If you want to give DNSimple a go, use my referral code and get some credits on your subscription.

Git, GitHub and VSTS

Using a version control system is a core piece of this puzzle. Git provides us with history of all changes and who performed each change. Git encourages collaborative work; multiple people can make changes to a DNS zone without interfering with each other. Git branches are cheap and easy to merge, allowing for developers and engineers to make changes, verify them and them push them into production.

Platforms like GitHub, Bitbucket and Visual Studio Team Services (VSTS) extend Git with Pull Requests. Pull requests allow a person to ask another to review their changes and push them into a different branch or repository. The pull request process encourages discussions around work and changes, and we use rules to control who can review and approve changes. Pull requests are like change requests in ITIL, but they occur more quickly and more often, and don’t require a meeting to complete.

VSTS also provides a rich build and release pipeline experience. Automation of build, testing and release processes has accelerated the delivery of software and given rise to DevOps.

For this article, I host the DNSControl repository in GitHub and the build and release pipelines are in VSTS, but you could set this up using GitLab, AppVeyor, Travis CI or TeamCity.

Azure Key Vault

Key Vault helps you to protect cryptographic keys, certificates and secrets used within your cloud applications and within your CI/CD processes. Hardware Security Modules (HSMs) can be optionally used to protect keys and secrets, access policies can also be used to control access to Key vault.

Why is this important for a project like this one? DNSControl will need access (via API keys/tokens) to your DNS Provider(s) and your domain registrar. These are obviously sensitive credentials! An attacker with these could change your DNS, hijack our domains, buy other services or even take control of our domains.

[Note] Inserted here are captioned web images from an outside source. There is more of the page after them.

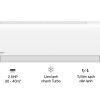 Máy lạnh Casper 2.5 HP SC-24FB36M chính hãng | Điện máy Phúc Anh - hình ảnh sản phẩm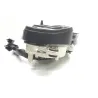 Compteur HONDA CBR 1000 F 1987-1988 Compteur HONDA CBR 1000 F 1987-1988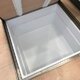 部屋画像20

Using VSTS variable groups, we can access Key Vault as part of the build and release pipeline.

I recommend storing your API tokens, in this case those for DNSimple and CloudFlare, in Key Vault.

With Planet PowerShell I also stored the Azure App Service IP address and URLs in Key Vault. This is purely a personal preference, I just wanted to keep all my application settings in a single place.

If you don't have an Azure Subscription, you can use the private/encrypted option within the VSTS variable groups to store your sensitive information.

Docker

There are 2 benefits for using the containerized version of DNSControl.

Releases are more frequent for the Docker container. Whenever code is pushed to master and successfully built, the docker image (latesttag) is updated. This provides a faster release cycle and you'll get bug fixes and new features faster than the Windows, MacOS or Linux releases.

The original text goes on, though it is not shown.